In C1W1 , it is shown that for a tweet the positive and negative frequencies are calculated based on the positive and negative frequencies of the correspnding unique words in the sentence.
Following tweet is given:
‘I am sad, I am not learning NLP’
positive frequency is calculated as 8, but ‘I’ and ‘am’ are actually repeated 2 times, so the frequency should be more than 8.
Uniqueness is only considered in this part. In coding session, we notice that uniqueness is not considered at all. It is also noticeable from the graded programming assignment, where we get different prediction results for the tweets ‘Great!’ and ’ Great, great’

Hi @Tahir4,

Could you please provide a link to the lecture video you are referring to?

Hi NLP Mentor,

I have a similar question about the word count for positive and negative. I don’t understand why “happy” and “because” are not counted for the positive tweets.

Course link:

Another, in the formular, Xm = [ 1, sum(freqs(w,1), sum(freqs(w,0)], could you explain the explain the parameters for 1, w? ( is it 1 presents one input str?)

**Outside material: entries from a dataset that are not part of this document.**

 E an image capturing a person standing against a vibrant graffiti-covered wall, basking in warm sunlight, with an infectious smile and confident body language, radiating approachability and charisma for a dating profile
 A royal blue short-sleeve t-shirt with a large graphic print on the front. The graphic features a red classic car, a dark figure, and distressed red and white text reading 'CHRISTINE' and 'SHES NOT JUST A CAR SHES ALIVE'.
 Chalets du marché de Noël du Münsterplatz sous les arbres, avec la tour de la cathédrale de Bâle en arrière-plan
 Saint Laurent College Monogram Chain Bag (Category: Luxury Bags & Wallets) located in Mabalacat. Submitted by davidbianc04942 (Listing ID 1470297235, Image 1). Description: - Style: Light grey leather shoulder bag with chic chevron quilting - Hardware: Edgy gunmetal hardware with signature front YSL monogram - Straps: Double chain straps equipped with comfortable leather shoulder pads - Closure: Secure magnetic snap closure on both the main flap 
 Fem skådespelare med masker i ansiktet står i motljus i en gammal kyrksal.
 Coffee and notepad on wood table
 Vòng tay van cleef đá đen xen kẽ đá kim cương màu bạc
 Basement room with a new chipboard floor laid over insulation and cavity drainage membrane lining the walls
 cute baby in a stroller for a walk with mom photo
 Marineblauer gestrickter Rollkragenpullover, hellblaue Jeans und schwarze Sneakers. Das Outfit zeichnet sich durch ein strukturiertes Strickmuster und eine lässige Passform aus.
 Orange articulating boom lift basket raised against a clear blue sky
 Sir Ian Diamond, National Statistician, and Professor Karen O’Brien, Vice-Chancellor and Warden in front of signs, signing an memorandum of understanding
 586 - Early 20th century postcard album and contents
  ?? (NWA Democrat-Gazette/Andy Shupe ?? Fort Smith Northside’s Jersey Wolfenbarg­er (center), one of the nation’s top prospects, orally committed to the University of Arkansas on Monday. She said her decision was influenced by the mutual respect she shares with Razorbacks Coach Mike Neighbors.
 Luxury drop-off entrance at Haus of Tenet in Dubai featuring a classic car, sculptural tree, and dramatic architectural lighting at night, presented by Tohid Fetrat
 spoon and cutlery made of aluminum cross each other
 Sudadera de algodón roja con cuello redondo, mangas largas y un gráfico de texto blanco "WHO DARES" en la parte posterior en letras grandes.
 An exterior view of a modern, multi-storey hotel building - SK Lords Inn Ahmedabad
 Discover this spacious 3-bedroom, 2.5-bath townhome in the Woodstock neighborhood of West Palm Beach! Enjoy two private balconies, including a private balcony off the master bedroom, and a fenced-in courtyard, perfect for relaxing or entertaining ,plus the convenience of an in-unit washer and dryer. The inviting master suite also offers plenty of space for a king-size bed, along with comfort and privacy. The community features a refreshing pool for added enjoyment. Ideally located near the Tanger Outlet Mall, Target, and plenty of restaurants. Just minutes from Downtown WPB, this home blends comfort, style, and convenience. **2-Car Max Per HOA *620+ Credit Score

A similar question also relevants to another video in C1. How to choose the words and count them?

Course link

image:

Thank you so much,
Ada

It’s been a long time since I watched that lecture, so I may be missing the context here, but I think the point is that they are in the vocabulary but are not in the tweet that is being processed there. That is “I am sad, I am not learning NLP”.